#### SOURCE DATA

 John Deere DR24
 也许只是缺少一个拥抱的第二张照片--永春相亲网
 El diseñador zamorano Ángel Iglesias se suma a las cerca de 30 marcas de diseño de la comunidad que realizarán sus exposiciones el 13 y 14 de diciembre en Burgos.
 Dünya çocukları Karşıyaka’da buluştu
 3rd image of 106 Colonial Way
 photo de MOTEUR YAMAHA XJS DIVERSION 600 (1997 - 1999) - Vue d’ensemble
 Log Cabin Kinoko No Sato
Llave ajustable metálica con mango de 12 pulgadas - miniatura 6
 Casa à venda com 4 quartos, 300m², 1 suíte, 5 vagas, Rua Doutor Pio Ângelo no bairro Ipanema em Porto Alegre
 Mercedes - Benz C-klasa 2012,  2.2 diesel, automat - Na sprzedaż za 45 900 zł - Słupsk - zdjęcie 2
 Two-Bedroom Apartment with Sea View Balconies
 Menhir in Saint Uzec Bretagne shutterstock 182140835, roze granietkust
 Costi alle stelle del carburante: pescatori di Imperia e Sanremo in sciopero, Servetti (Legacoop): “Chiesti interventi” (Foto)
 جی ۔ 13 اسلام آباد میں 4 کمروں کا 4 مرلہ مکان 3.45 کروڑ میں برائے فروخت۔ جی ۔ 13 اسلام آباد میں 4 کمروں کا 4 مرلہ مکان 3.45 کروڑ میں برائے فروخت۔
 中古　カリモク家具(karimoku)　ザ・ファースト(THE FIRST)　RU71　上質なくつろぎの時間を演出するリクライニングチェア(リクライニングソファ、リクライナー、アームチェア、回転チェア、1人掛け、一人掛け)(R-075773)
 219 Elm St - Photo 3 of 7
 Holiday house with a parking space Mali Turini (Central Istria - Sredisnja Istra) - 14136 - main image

########

Exactly the lines from the start of the entries through the one bearing "3rd image of 106 Colonial Way" are to be output, with both ends included.

FINISHED TASK:
 John Deere DR24
 也许只是缺少一个拥抱的第二张照片--永春相亲网
 El diseñador zamorano Ángel Iglesias se suma a las cerca de 30 marcas de diseño de la comunidad que realizarán sus exposiciones el 13 y 14 de diciembre en Burgos.
 Dünya çocukları Karşıyaka’da buluştu
 3rd image of 106 Colonial Way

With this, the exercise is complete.